# [Aporte] Fuente regulada HV como para equipos valvulares



## Fogonazo (May 27, 2019)

Me encontré en una revista un interesante agregado como para un valvular, una fuente regulada estabilizada en base a un MOSFET de potencia y alta tensión con unas características muy interesantes, dignas de ser agregadas a un próximo proyecto.
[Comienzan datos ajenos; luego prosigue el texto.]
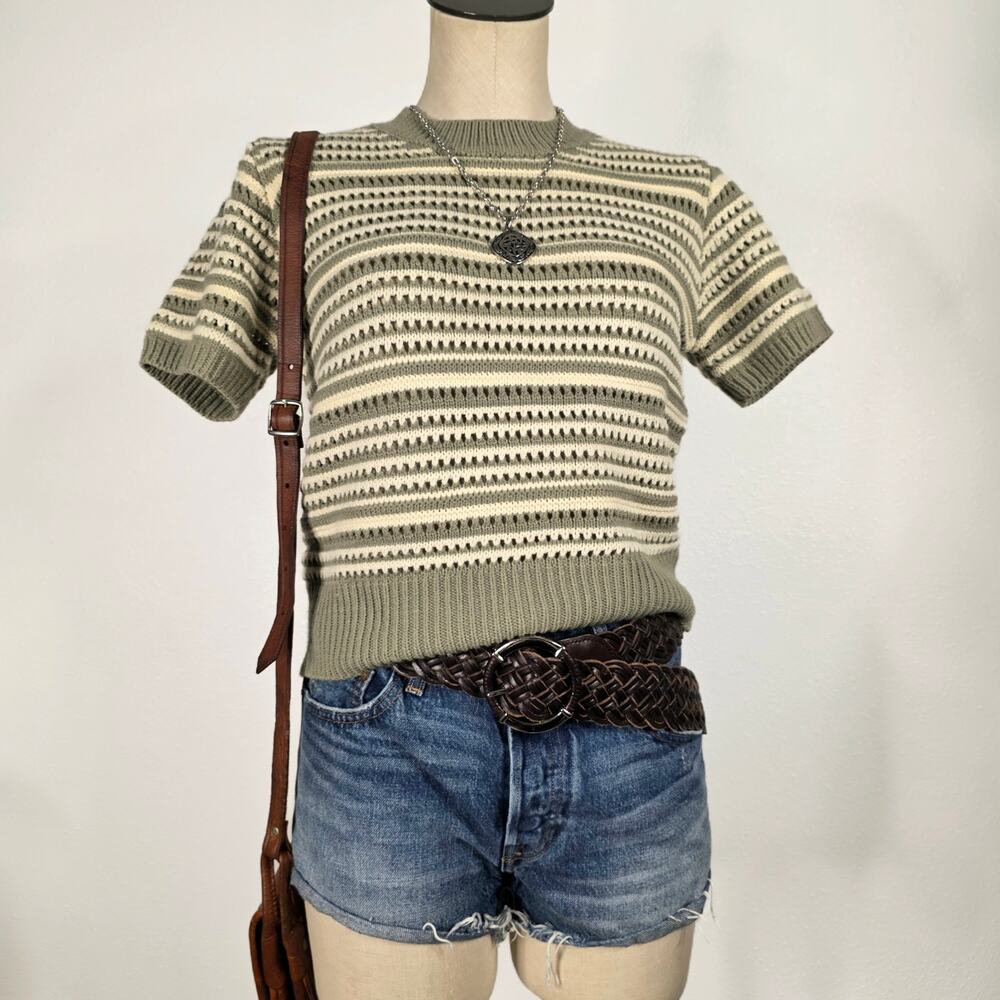 Sage Green Crochet Knit Sweater Tee Striped Cottagecore Pinch Size Medium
​Espero que NO sea necesario aclarar que la fuente de tensión alterna en serie con la de contínua que aparece en la simulación fue colocada allí para comprobar el nivel de rechazo a la alterna 

*OJO al piojo*, el MOSFET es bastante específico y *NO *puede ser reemplazado por "Cualquier cosa"


----------



## diegomj1973 (May 27, 2019)

Simple y muy efectiva.

Un pequeño truquito: si se intercambian las posiciones de C1 y C2, se ganan entre unos 5 a 6 dB adicionales de atenuación de ripple en la banda de audio.


----------



## Fogonazo (May 27, 2019)

diegomj1973 dijo:


> Simple y muy efectiva.
> 
> Un pequeño truquito: si se intercambian las posiciones de C1 y C2, se ganan entre unos 5 a 6 dB de atenuación de ripple en la banda de audio.


Sip, lo comprobé en la simulación, pero preferí respetar el diagrama original.


----------